_Dataset entries_:
★ ★ ★ ★ ★ ★ ★

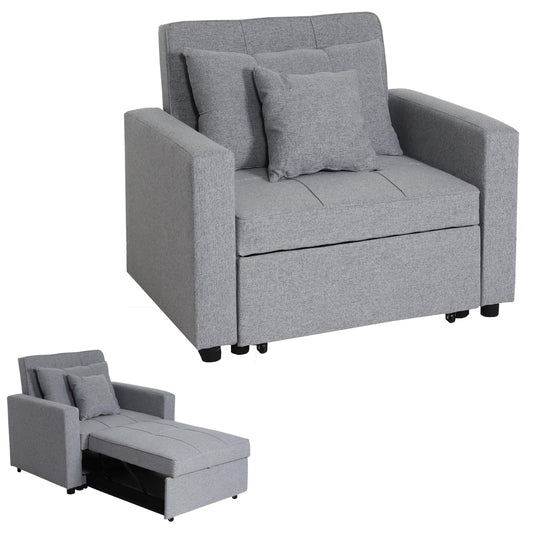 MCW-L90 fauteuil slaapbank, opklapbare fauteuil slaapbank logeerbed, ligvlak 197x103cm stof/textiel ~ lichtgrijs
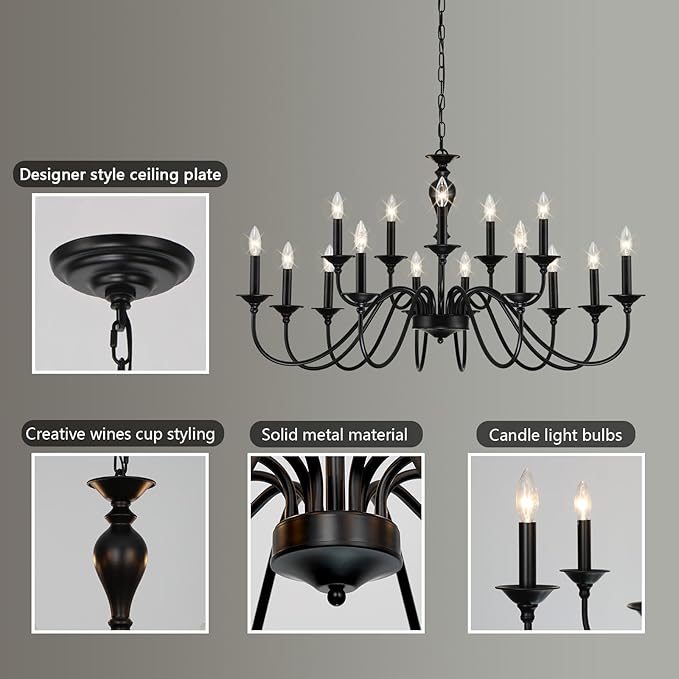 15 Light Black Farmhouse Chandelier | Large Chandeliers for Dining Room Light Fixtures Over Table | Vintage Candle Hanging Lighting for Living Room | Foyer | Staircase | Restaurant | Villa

★ ★ ★ ★ ★ ★ ★

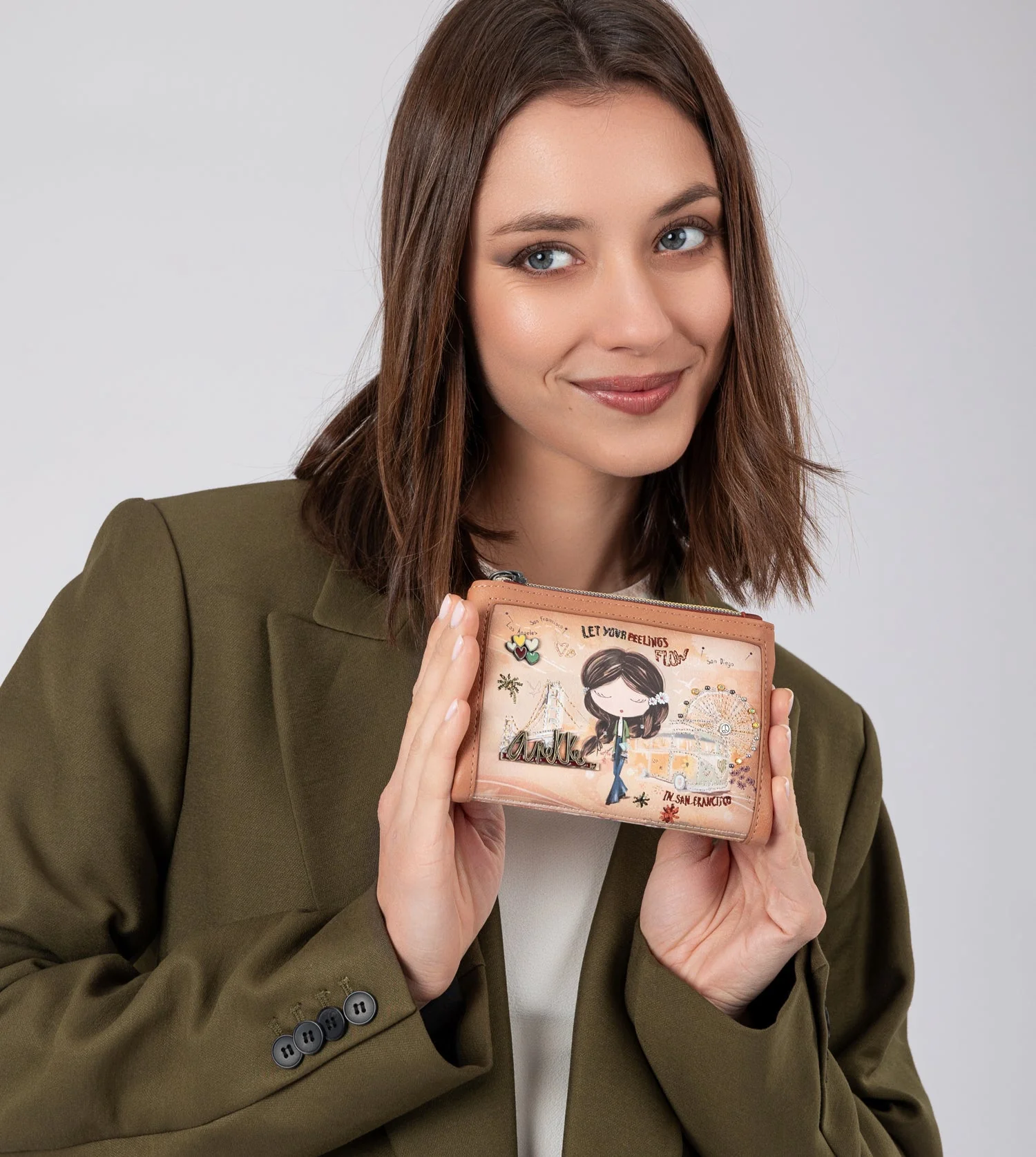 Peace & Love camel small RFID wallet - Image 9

★ ★ ★ ★ ★ ★ ★

_Exercise goal_:
Out of the records above, please copy exactly the lines from the line with "MCW-L90 fauteuil slaapbank, opklapbare" up to and including the line with "15 Light Black", minus the pictures.

_Response to the exercise_:
 MCW-L90 fauteuil slaapbank, opklapbare fauteuil slaapbank logeerbed, ligvlak 197x103cm stof/textiel ~ lichtgrijs
 15 Light Black Farmhouse Chandelier | Large Chandeliers for Dining Room Light Fixtures Over Table | Vintage Candle Hanging Lighting for Living Room | Foyer | Staircase | Restaurant | Villa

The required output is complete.